South Park Let’s Go Tower Defense Play! (Xbox 360) review


"There have been some truly awful South Park games over the years. This isn't one of them, but it's still no triumph."

South Park: Let’s Go Tower Defense Play! is a tower defense game that makes use of the South Park intellectual property, precisely as its title suggests. Released in 2009, the game serves as a decent dividing line between the awful South Park games of old and the newer ones that surprised a lot of older gamers by featuring compelling design.

Developed by Doublesix, a short-lived studio not otherwise known for much of anything you are likely to have played, the game was published by none other than Microsoft Game Studios. It’s rated M for Mature, and features plenty of the signature humor you may love from the television show, including unlockable clips from episodes available up to that point. The characters offer rude quips in their proper voices, and there’s a suitably juvenile story about a great evil causing chaos around the town.
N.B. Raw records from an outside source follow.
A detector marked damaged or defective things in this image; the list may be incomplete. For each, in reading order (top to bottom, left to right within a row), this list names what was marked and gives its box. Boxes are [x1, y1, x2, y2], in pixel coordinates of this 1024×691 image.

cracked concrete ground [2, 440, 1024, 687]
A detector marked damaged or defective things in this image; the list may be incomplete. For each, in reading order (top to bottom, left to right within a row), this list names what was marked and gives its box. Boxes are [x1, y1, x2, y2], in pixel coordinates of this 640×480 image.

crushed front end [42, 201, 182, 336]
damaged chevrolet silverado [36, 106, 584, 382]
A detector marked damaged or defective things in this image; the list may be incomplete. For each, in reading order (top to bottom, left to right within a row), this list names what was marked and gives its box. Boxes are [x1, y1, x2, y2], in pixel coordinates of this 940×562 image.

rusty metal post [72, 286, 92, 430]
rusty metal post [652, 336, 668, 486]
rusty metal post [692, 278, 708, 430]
You stop the evil from achieving its ultimate goals only by mounting a good defense against a variety of adversaries that include ginger children, sixth graders, hippies, old people, and more.

I love a good tower defense game, and there’s stuff to like here even beyond pretty solid use of the license, but there’s a lot I wish the developers had done differently. Gameplay features eleven lengthy stages broken into smaller chunks, which you can tackle on any of three difficulties initially available. A fourth difficulty level unlocks once you clear the campaign, which you can technically do without even triumphing over evil. When you fail a piece of a stage, there’s the option to just keep going so you can watch additional video clips and unlock more characters for use in the Challenge stages.
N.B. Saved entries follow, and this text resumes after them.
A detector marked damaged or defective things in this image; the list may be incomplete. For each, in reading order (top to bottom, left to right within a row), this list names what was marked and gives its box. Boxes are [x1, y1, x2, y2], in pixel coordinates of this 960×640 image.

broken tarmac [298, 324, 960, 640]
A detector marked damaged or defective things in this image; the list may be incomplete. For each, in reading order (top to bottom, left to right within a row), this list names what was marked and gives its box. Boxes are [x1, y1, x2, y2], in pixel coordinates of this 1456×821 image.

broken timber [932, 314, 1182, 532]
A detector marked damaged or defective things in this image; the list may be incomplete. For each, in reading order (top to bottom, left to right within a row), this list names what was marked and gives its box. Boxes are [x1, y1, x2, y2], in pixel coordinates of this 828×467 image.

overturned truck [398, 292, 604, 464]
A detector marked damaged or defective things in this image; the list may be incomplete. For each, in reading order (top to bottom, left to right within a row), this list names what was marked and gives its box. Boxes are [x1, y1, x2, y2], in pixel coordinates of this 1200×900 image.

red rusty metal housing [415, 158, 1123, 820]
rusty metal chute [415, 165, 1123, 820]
While I appreciate that the developers offer players the option to skip unpleasant bits, I wish the stages were designed in a way that didn’t make it so tempting to do so. The “Normal” difficulty setting is fine in the early going, but the game quickly grows frustrating rather than fun. By the end of the campaign, I had dropped to “Casual” and still found forces overwhelming me or frustrating me. This is true for a few reasons beyond even my general suckitude.

Firstly, the game doesn’t always give players enough time to set up their towers ahead of the first wave, let alone between any that follow. There are four kids on the field, for the most part. You can either switch between them by pressing a shoulder button, or invite a local friend or three along to control alternate characters. If you leave an unmanned friend in a bad location, they will fall in battle and you have to rush over to revive them. It would have been nice if the AI versions made any effort to move out of the way of enemy hordes, but they do not.

Secondly, the game comes to rely on wall building, which is simply not an enjoyable mechanic. You can build walls to slow the advance of the hordes, but they find tiny openings if you aren’t extremely careful about your placement. All walls (and for that matter, towers) must be built over snow. You’re forced to pay attention to the background to make sure you’re in an acceptable position. Then when you build a wall, you step to the side to build another, but your character may realign through no fault of your own. It’s too easy to build a compromised wall that won’t divert a single foe, all because you don’t have enough time for more considered construction.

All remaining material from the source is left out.